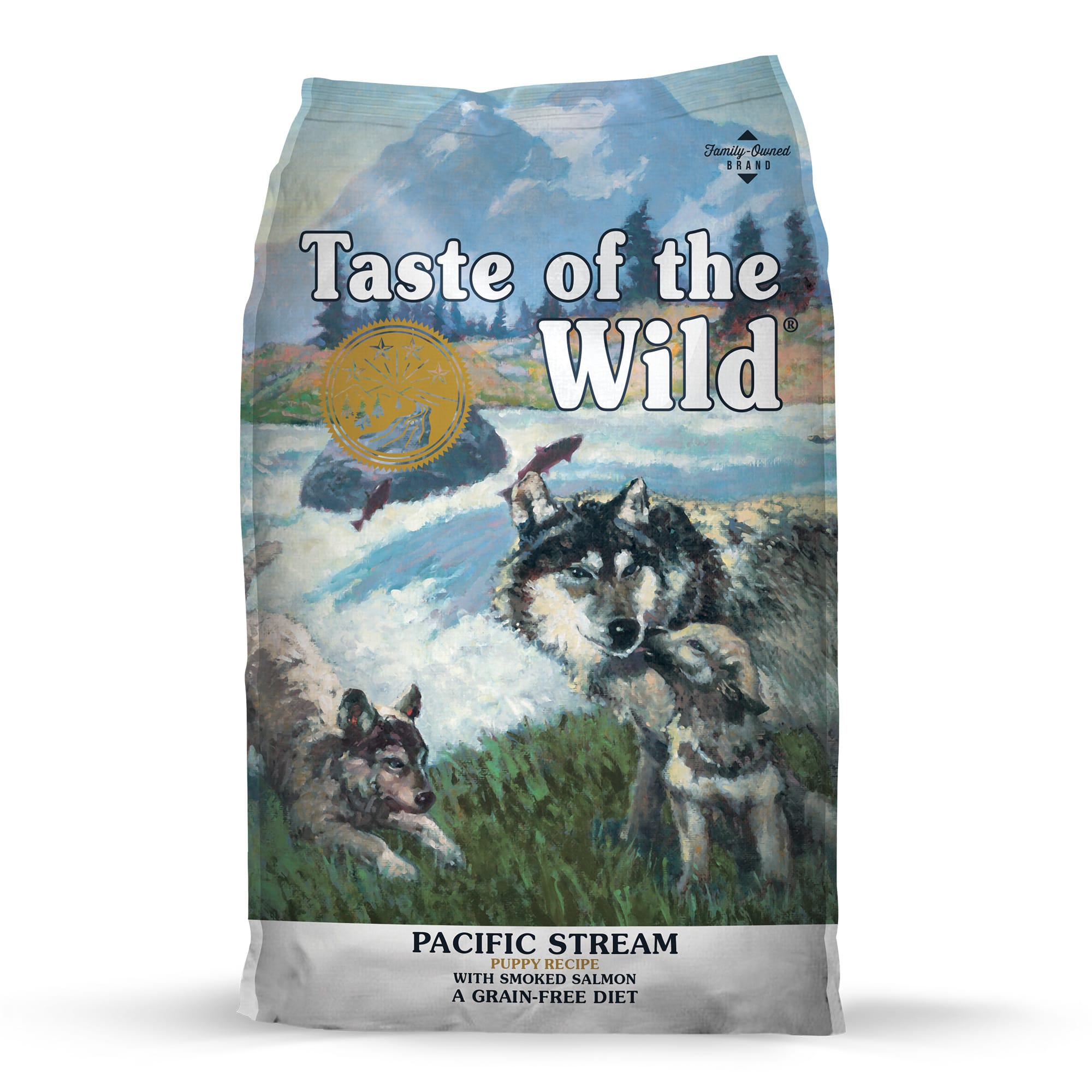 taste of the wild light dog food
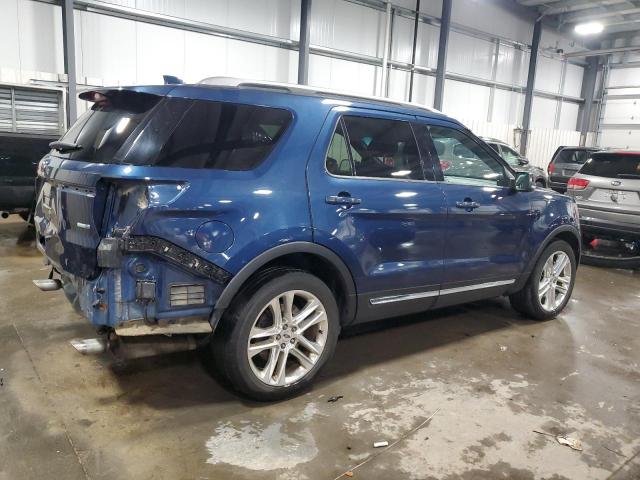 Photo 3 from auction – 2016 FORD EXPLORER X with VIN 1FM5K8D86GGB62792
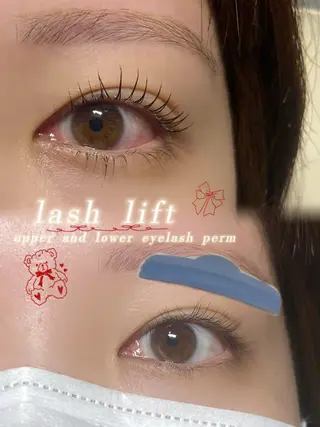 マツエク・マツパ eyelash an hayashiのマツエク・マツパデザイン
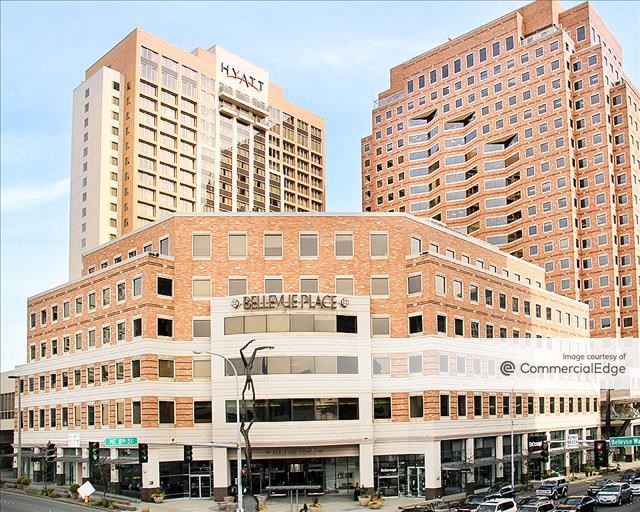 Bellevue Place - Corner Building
- - -
# [Problem to solve]
The lines to be extracted begin at the line containing "Photo 3 from" and continue through the final line of the material above, both ends included. Reproduce them exactly, without the pictures.

# [Output]
 Photo 3 from auction – 2016 FORD EXPLORER X with VIN 1FM5K8D86GGB62792
 マツエク・マツパ eyelash an hayashiのマツエク・マツパデザイン
 Bellevue Place - Corner Building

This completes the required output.